The book is out next week and absolutely packed with deliciously acerbic and indiscrete commentaries about the entire ten-year process of making the Harry Potter film franchise. Indeed, some of Professor Snape’s waspish wit seems to have bled into the actor’s personality or, more likely, vice versa. It makes for entertaining reading, especially if you imagine it delivered in the star’s trademark drawl. It also confirms that the Rickman wanted to get out of the franchise as early 2002, when he wrote on December 4 about meetings with his agent: “Talking to Paul Lyon-Maris about HP exit, which he thinks will happen. But here we are in the project-collision area again. Reiterating no more HP. They don’t want to hear it.”
In edited extracts from the diaries published in The Guardian, Rickman describes his very first chats with author JK Rowling and her “nervous” revelations about Snape that enabled the actor to understand his character and ultimately stopped him giving up on the entire franchise.
On October 6 and 7, 2000, Rickman wrote: “First conversation with Joanne Rowling. Her sister answers – ‘She’s not here – can I leave a message?’ cackling in the background … ‘Sorry about that! …’ (I tell her) There are things that only Snape & you know – I need to know…’ ‘You’re right – call me tomorrow; no one else knows these things.’
“Talk to Joanne Rowling again and she nervously lets me in on a few glimpses of Snape’s background.
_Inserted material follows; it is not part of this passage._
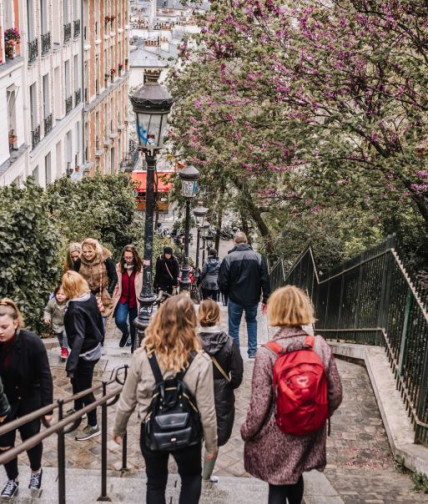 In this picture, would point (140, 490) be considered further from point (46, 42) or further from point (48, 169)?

Talking to her is talking to someone who lives these stories, not invents them.”
It was only after the franchise finally finished that Rowling finally revealed that she had told him that Snape had always loved Harry’s mother, Lily.
Rickman’s main frustrations seem to have been the way an actor’s craft and the art of making a movie usually came second to the juggernaut pressures of making a blockbuster a year. During the 2004 Goblet of Fire shoot, he wrote: “I feel so shafted on this film.”
One of his very last Potter posts from January 14, 2010, while filming The Deathly Hallows Part 2 with director David Yates. Rickman says: “Finding it hard to remember any particular scenes over the years mainly because all the decisions are taken in committee rooms and not on the floor. We listen as DY tells us what we are thinking and why (and in some cases recounts the story…) and a small piece of something creative caves in.”
He also mentions a 2008 moment when a similarly despairing Maggie Smith (who played Professor McGonnagal) had retreated from the set: “Found Maggie in her trailer, vulnerable and f*** it all – all at once.”
Rickman had high praise for Ralph Fiennes’ portrayal of Voldemort and singled out Snape’s death scene as “the absolute example of what can happen when a couple of actors pick up a scene off the page and work with the story, the space and each other.”
He also shared the hilarious way the line “take out your wand” kept reducing Helena Bonham-Carter to giggles, and said Helen McRory: “says she’s terrified but fits like a glove with the mayhem.”
Co-stars Maggie Smith, Zoë Wanamaker, Ian Hart, Richard Harris are “in their ways sweet, funny souls,” but some of his comments about the lead cast were rather more blunt.
In May 2003, Rickman wrote of Harry Potter actor Daniel Radcliffe: “Serious and focused – but with a sense of fun. I still don’t think he’s really an actor but he will undoubtedly direct/produce.”
Two months later when tensions were high on The Prisoner of Azkaban set, he wrote: “these kids need directing. They don’t know their lines and Emma (Watson)’s diction is this side of Albania at times.”
Like many fans, it was one of Rickman’s favourites from the franchise and he wrote after the 2004 premiere: “Alfonso has done an extraordinary job. It is a very grown-up movie, so full of daring that it made me smile and smile. Every frame of it is the work of an artist and storyteller.”
Madly, Deeply: The Alan Rickman Diaries, will be published by Canongate on October 4.